Something that is well known in the statistics world but perhaps less well known in the machine learning world is Stein’s paradox.

When I was growing up, people used to say: do you remember where you were when you heard that JFK died? (I was three, so I don’t remember. My first memory is watching the Beatles on Ed Sullivan.)

Similarly, statisticians used to say: do you remember where you were when you heard about Stein’s paradox? That’s how surprising it was. (I don’t remember since I wasn’t born yet.)

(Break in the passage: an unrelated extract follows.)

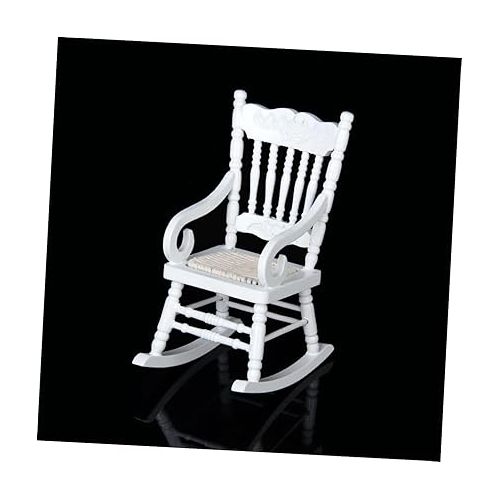  Toyvian 1/12 Rocking Chair Fairy Drawers Miniature Furniture Ornaments 1:12 Rocking Chair Tiny Furniture Model Mini Chairs for Crafts Miniature Chair Table Wooden White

Here is the paradox. Let ${X \sim N(\theta,1)}$. Define the risk of an estimator ${\hat\theta}$ to be

$\displaystyle R_{\hat\theta}(\theta) = \mathbb{E}_\theta (\hat\theta-\theta)^2 = \int (\hat\theta(x) - \theta)^2 p(x;\theta) dx.$

An estimator ${\hat\theta}$ is inadmissible if there is another estimator ${\theta^*}$ with smaller risk. In other words, if

$\displaystyle R_{\theta^*}(\theta) \leq R_{\hat\theta}(\theta) \ \ {\rm for\ all\ }\theta$

with strict inequality at at least one ${\theta}$.

Question: Is ${\hat \theta \equiv X}$ admissible.

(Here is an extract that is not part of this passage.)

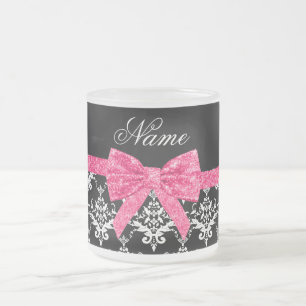 Custom name black white damask pink glitter bow frosted glass coffee mug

Now suppose that ${X \sim N(\theta,I)}$ where now ${X=(X_1,X_2)^T}$, ${\theta = (\theta_1,\theta_2)^T}$ and

$\displaystyle R_{\hat\theta}(\theta) = \mathbb{E}_\theta ||\hat\theta - \theta||^2.$

Question: Is ${\hat \theta \equiv X}$ admissible.

Now suppose that ${X \sim N(\theta,I)}$ where now ${X=(X_1,X_2,X_3)^T}$, ${\theta = (\theta_1,\theta_2,\theta_3)^T}$ and

$\displaystyle R_{\hat\theta}(\theta) = \mathbb{E}_\theta ||\hat\theta - \theta||^2.$

Question: is ${\hat \theta \equiv X}$ admissible.

If you don’t find this surprising then either you’ve heard this before or you’re not thinking hard enough. Keep in mind that the coordinates of the vector ${X}$ are independent. And the ${\theta_j's}$ could have nothing to do with each other. For example, ${\theta_1 = }$ mass of the moon, ${\theta_2 = }$ price of coffee and ${\theta_3 = }$ temperature in Rome.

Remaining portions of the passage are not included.